Green is the color of spring, of growth, and of new life. If you’ve ever gotten lost in a captivating poem, novel, or story, you know that it can feel like wandering through a beautifully vibrant ecosystem.
That might make it seem like green is an ideal color for creating memorable literary symbols. Interestingly enough, not every great writer thinks so. You may already be familiar with Virginia Woolf’s famous quote regarding the color: “Green in nature is one thing, green in literature another. Nature and letters seem to have a natural antipathy; bring them together, and they tear each other to pieces.”
Of course, whether “nature and letters” work together or not is a matter of personal opinion. Below are some striking examples of green color symbolism in poetry and prose.
Green Symbolism in Poetry
One of the best things about reading poetry is uncovering layers of subtext. Most poems have layers of meaning beneath the words — some are readily apparent, and others only appear after you read through the poem a few times. Here are a few examples of the color green shaping the meaning of different poems.

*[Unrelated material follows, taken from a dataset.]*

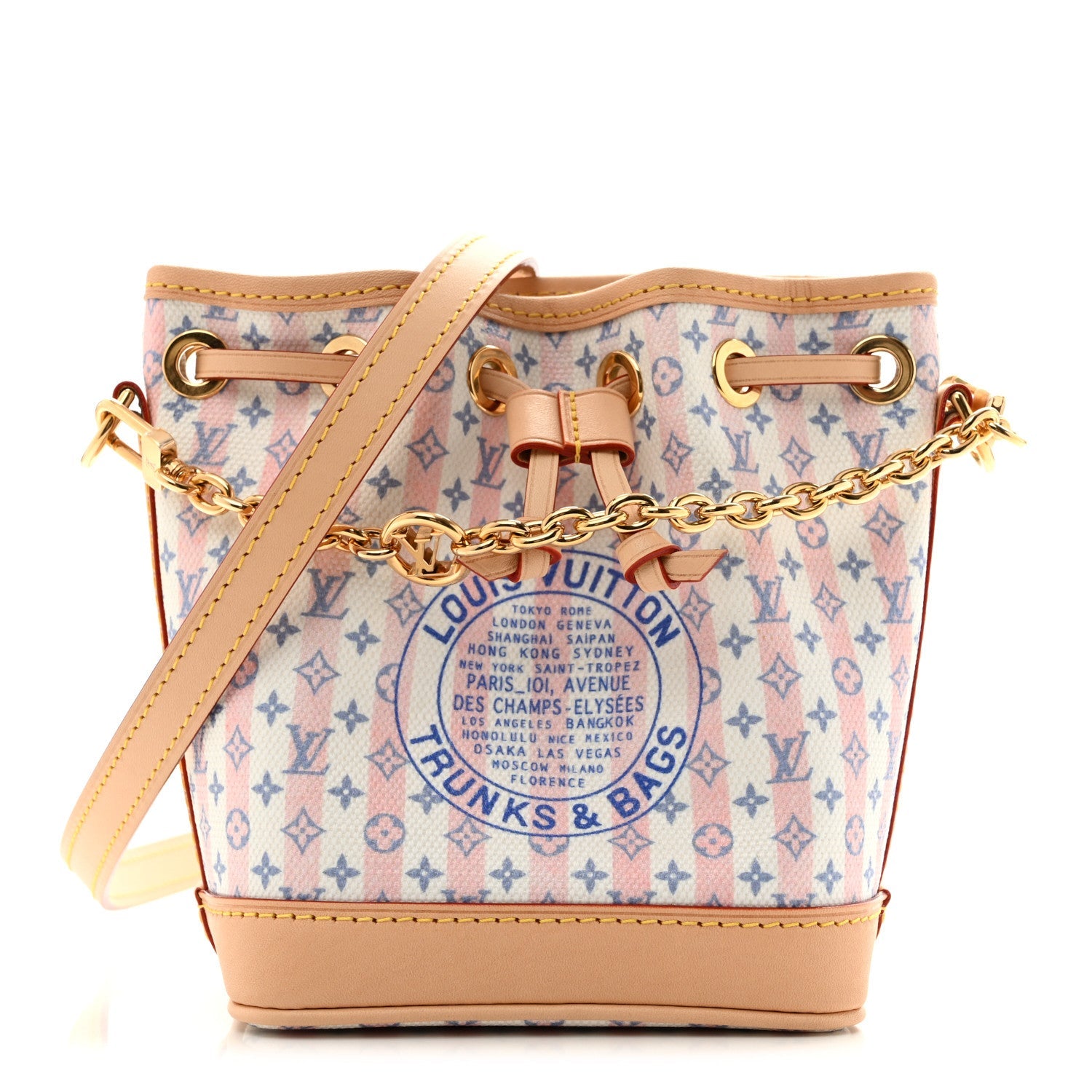Minigram LV Stamp Nano Noe Blue £¨ Direct shipment via from wholesalehk.shop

“Nothing Gold Can Stay” by Robert Frost (1923)

Robert Frost is one of the most iconic American poets — even if you’ve only read a couple of poems in your lifetime, you’ve almost certainly heard of him. “Nothing Gold Can Stay” embodies some of the best qualities of Frost’s poetry: it creates a vivid picture of the natural world, it’s succinct, it’s accessible, and it imparts an important truth about life.
Unlike some contemporary poems, this one’s main truth isn’t hidden beneath layers of subtext. In essence, it’s a commentary on both the value and the ephemeral nature of life. Even the first lines steer the reader to this core truth: “Nature’s first green is gold,/Her hardest hue to hold.”

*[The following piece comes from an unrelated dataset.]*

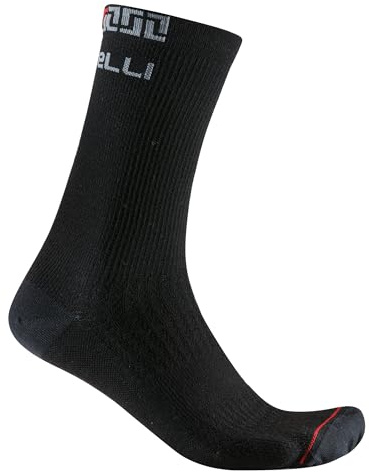 CASTELLI Men’s Bandito Merino 18 Sock, Lightweight, Warm Road Cycling Accessory with Moisture Control for Cold Rides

The comparison of “nature’s first green” (the first new shoots and leaf buds of spring) to gold isn’t about color. Instead, Frost is commenting on its value — the beginning of life is as precious as gold.

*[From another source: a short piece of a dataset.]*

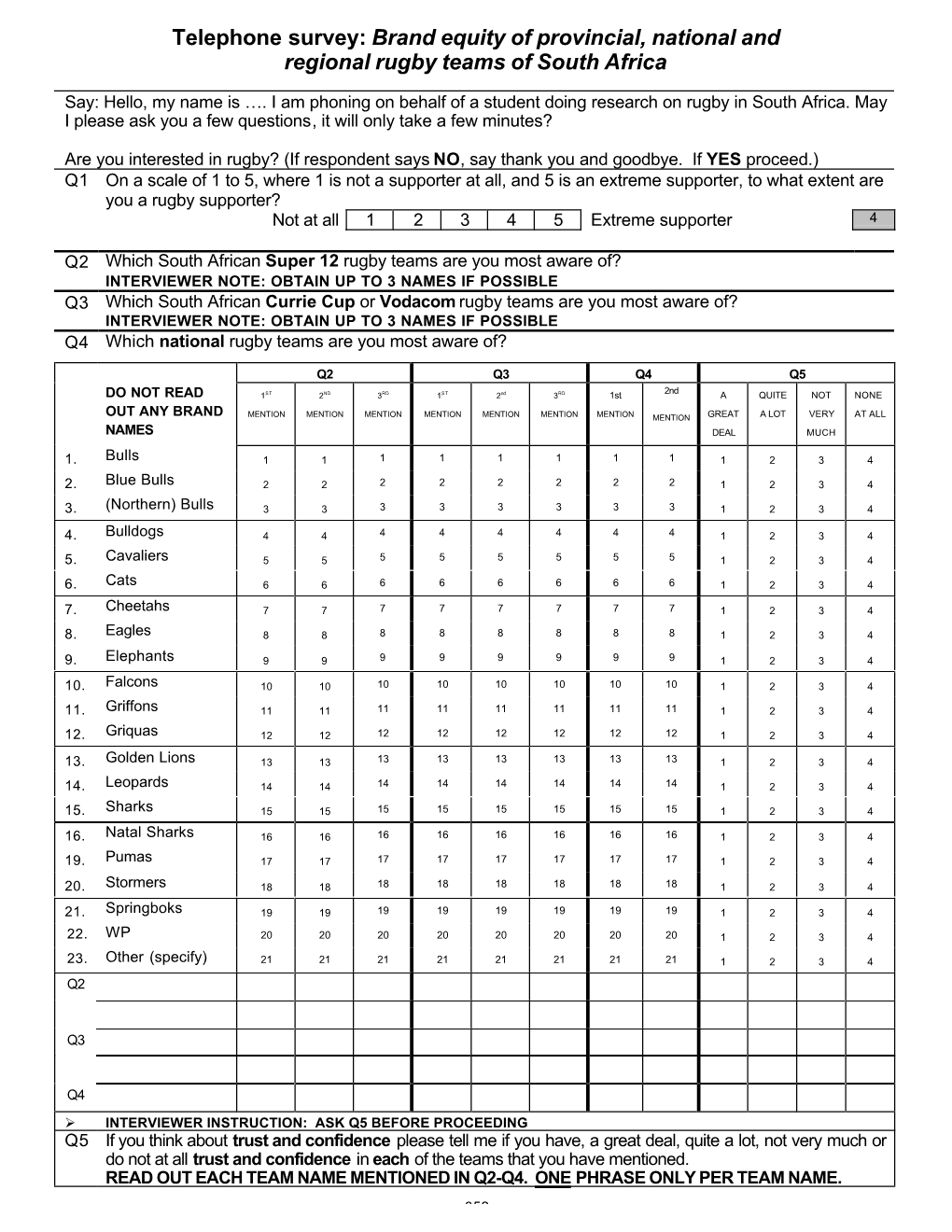 Questionnaire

Of course, much of gold’s value comes from its scarcity. In keeping with the green/gold comparison, Frost notes that green (and therefore new life) is the “hardest hue to hold” — in other words, it doesn’t stay around for long.
If you’re familiar with other poems by Robert Frost, you know that “Nothing Gold Can Stay” is a great example of the genre Frost perfected: poems whose vivid nature imagery brings important truths to light.
“Instructions on Not Giving Up” by Ada Limón (2017)

In the natural world (or at least in temperate climates), the reappearance of green is a sign of the coming of spring. That often translates to the color green being seen as a symbol of hope.
“Instructions on Not Giving Up” is a short but striking poem by Ada Limón that captures that association beautifully. It chronicles the coming of spring — how flowers bloom on the trees, and the petals fall down like confetti. And then how green starts to creep back over the world.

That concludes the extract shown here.